EGU23-9217, updated on 26 Feb 2023
https://doi.org/10.5194/egusphere-egu23-9217
EGU General Assembly 2023
© Author(s) 2023. This work is distributed under
the Creative Commons Attribution 4.0 License.

Burial and structural evolution of a deformed foreland basin: the south-western Pyrenees

Esther Izquierdo Llavall1, Pablo Calvín1, Rosibeth Toro2, Emilio Pueyo1, Antonio Casas2, Juan Cruz Larrasoaña1, Isabel Muñoz Ochando3, Pablo Sierra1, and Alodia Orera4
Esther Izquierdo Llavall et al.
  • 1IGME-CSIC, Zaragoza, Spain (e.izquierdo@igme.es)
  • 2Departamento de Ciencias de la Tierra, Universidad de Zaragoza, Zaragoza, Spain
  • 3Instituto de Ciencia y Tecnología de Polímeros, CSIC, Madrid, Spain
  • 4Instituto de Nanociencia y Materiales de Aragón, Universidad de Zaragoza, Zaragoza, Spain

Deciphering the tectono-thermal evolution of deformed foreland basins is fundamental for understanding the kinematics of mountain building processes. In orogenic systems, tectonic loading during early compressional stages produces the formation of foreland basins that, as compression progresses, are folded, exhumed and incorporated into the forming fold-and-thrust belts. These exhumed foreland basins represent excellent candidates for studying the early-orogenic burial conditions and geometries. The Jaca Basin, in the south-western Pyrenees, represents the primary south Pyrenean foreland basin that was latter deformed, piggy-back thrusted and embedded into the south Pyrenean fold-and-thrust belt. The basin displays a non-cylindrical geometry and it is filled by exceptionally preserved syn-orogenic sequences: early-middle Eocene turbidites that grade upwards to late Eocene marls and late Eocene-Oligocene and Miocene continental units. Debate exists on the timing of thrusting exhuming the basin, the geometry of basement thrusts and their link to syn-orogenic sedimentation and emerging cover structures. This debate sums up to the uncertainties on the basin thermal history, with previous paleo-thermal data being heterogeneously distributed and mostly concentrated in the eastern part of the basin.

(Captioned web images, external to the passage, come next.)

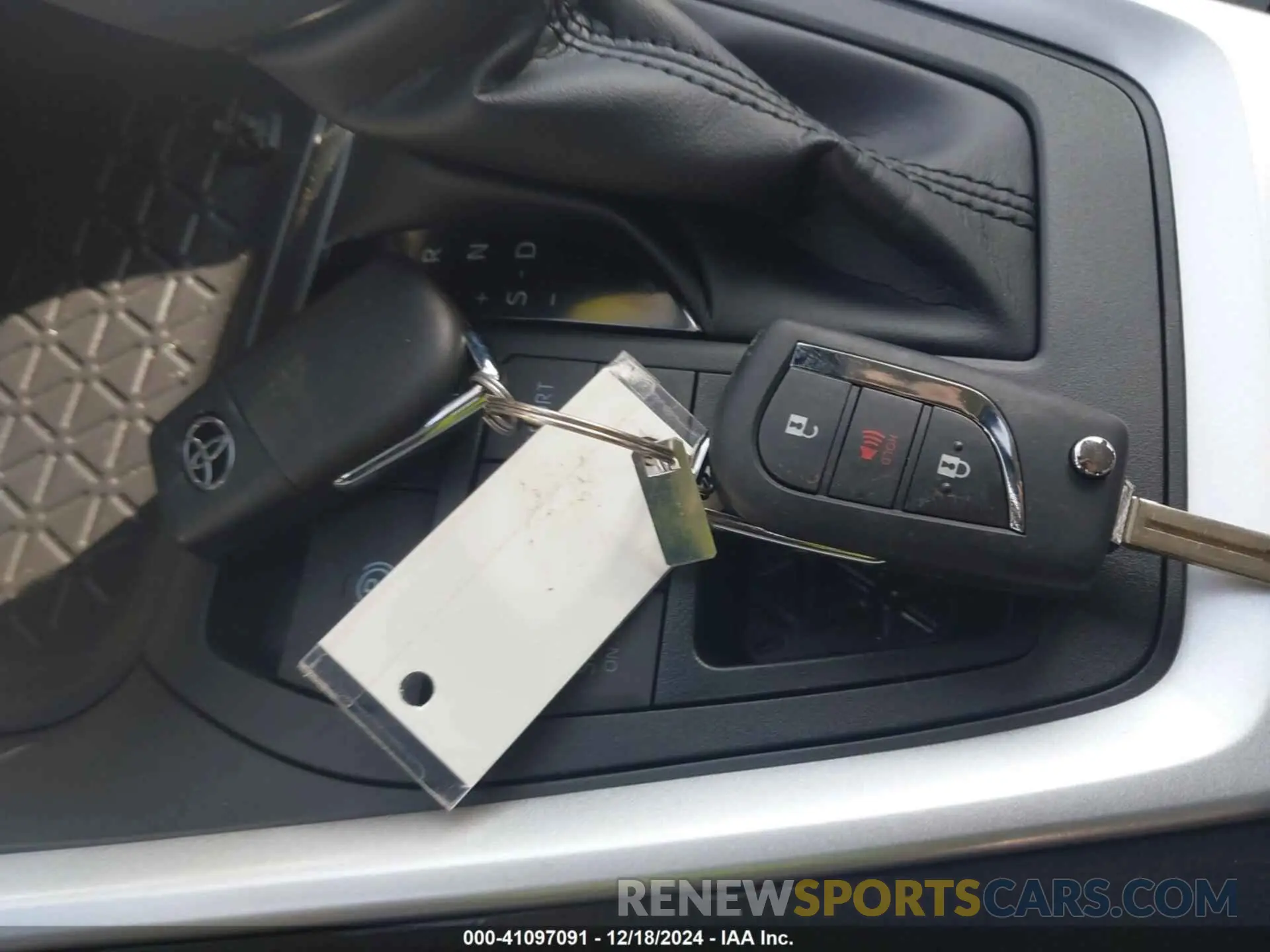 11 fotografías del automóvil dañado 2T3G1RFV3RC463943 TOYOTA RAV4 2024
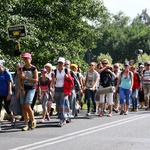 Grupy pielgrzymki na drodze przed Koszęcinem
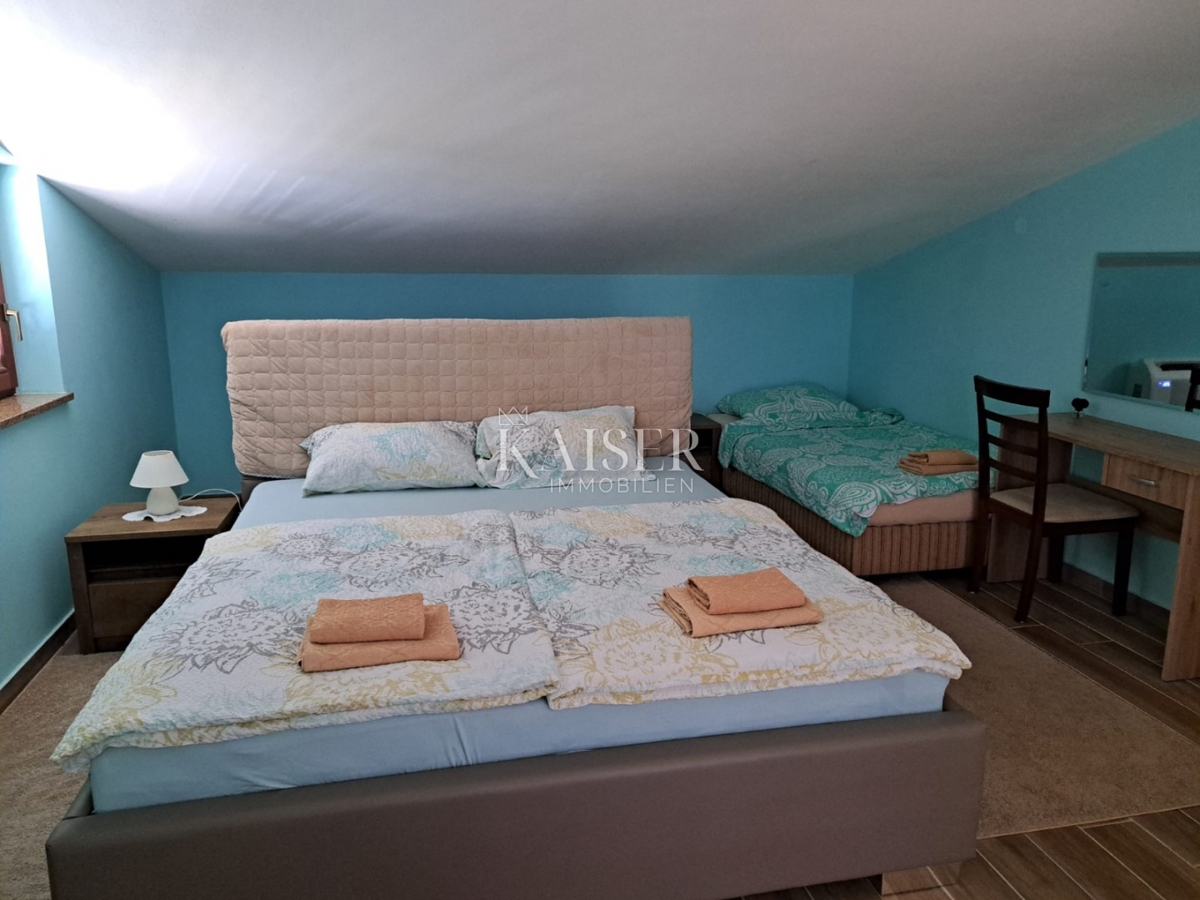 Istria, Medolino - casa con appartamenti di 430m2 a soli 200m dal mare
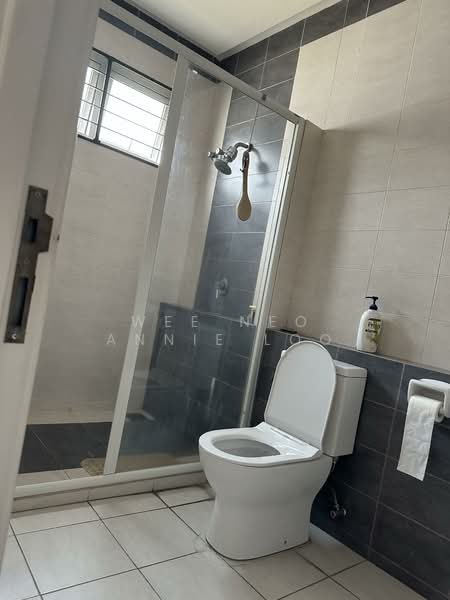 Terraced House for Sale in Temasya Glenmarie (Glenmarie) - Wee Neo Annie Loo - Bathroom - PropertyGuru.com.my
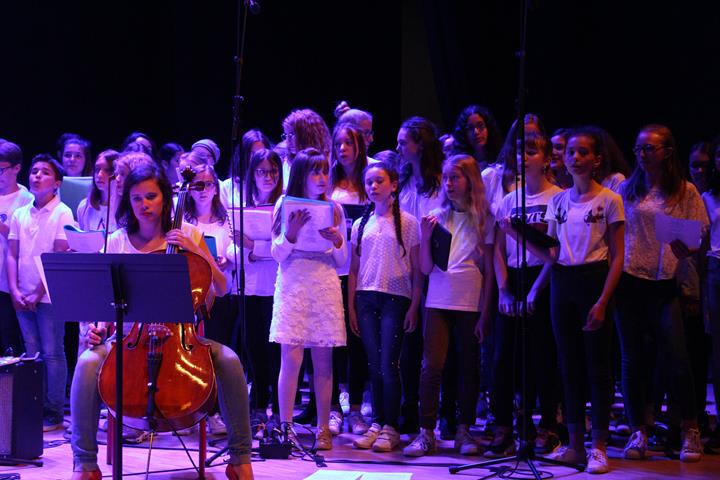 Les collégiens donnent de la voix.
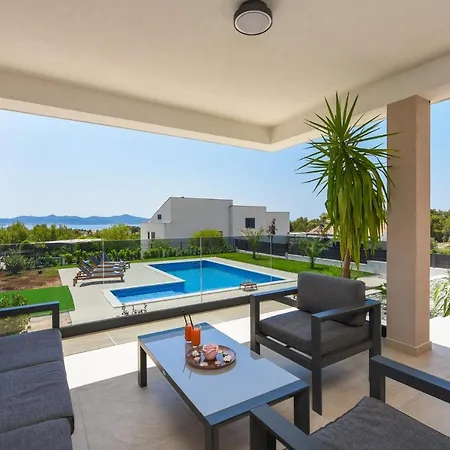 Villa Beautiful Sunlight *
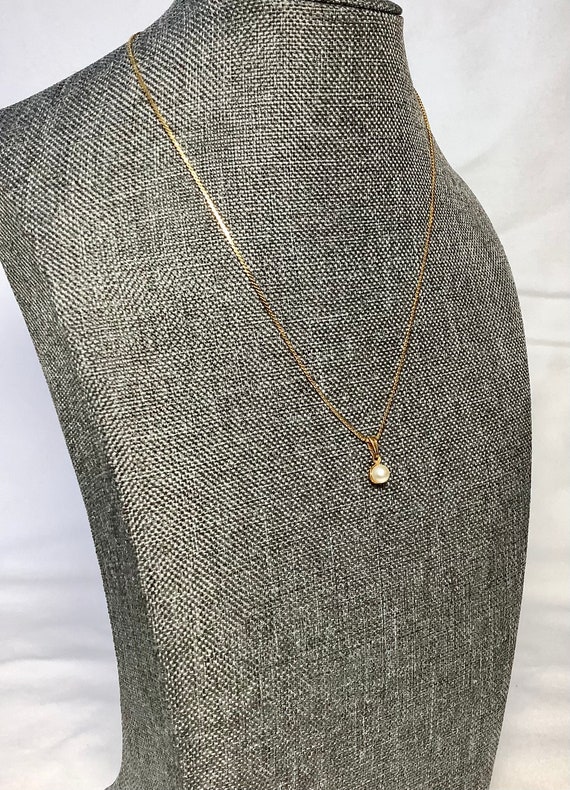 Vintage Faux Pearl Gold Tone Pendant Necklace Jew… - image 3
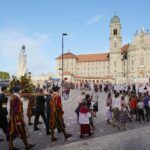 Rückblick: Rosenkranzprozession in Einsiedeln mit 750 Personen 13 20231006 172408 02429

To reduce these uncertainties and contribute into the understanding of debated kinematic aspects, we carried out a combined structural and paleo-thermal study covering the eastern and central part of the deformed Jaca basin. Four sequential, seismic-based cross sections have been constructed whereas thermal and burial conditions along section traces have been constrained through Raman Spectroscopy on Carbonaceous Material (RSCM). Samples for RSCM have been collected from the Eocene turbidites and indicate maximum burial temperatures of ~200ºC at the base of the sedimentary sequence (northern part of the cross-sections) that decrease progressively to the south where younger turbidites crop-out. In the considered area, RSCM temperature estimates along specific cover thrusts indicate a westward increase of peak temperatures. Along-strike thermal variations are in line with seismic-based cross-sections that depict strong lateral changes in the geometry of the basement soling the Jaca basin. The top of the basement is at shallower positions in the central Jaca basin where the number of basement thrusts increases. Basement thrusts partly derive from the reactivation of inherited Permian-Triassic extensional faults and partition the eastern-central Jaca basin into two structural domains separated by a main, oblique basement ramp. From cross-sections and thermal estimates, this contribution allows reconstructing the tectono-thermal history of the Jaca basin from the early foreland basin stages to the advanced shortening stages both along its central and eastern segments.

How to cite: Izquierdo Llavall, E., Calvín, P., Toro, R., Pueyo, E., Casas, A., Larrasoaña, J. C., Muñoz Ochando, I., Sierra, P., and Orera, A.: Burial and structural evolution of a deformed foreland basin: the south-western Pyrenees, EGU General Assembly 2023, Vienna, Austria, 24–28 Apr 2023, EGU23-9217, https://doi.org/10.5194/egusphere-egu23-9217, 2023.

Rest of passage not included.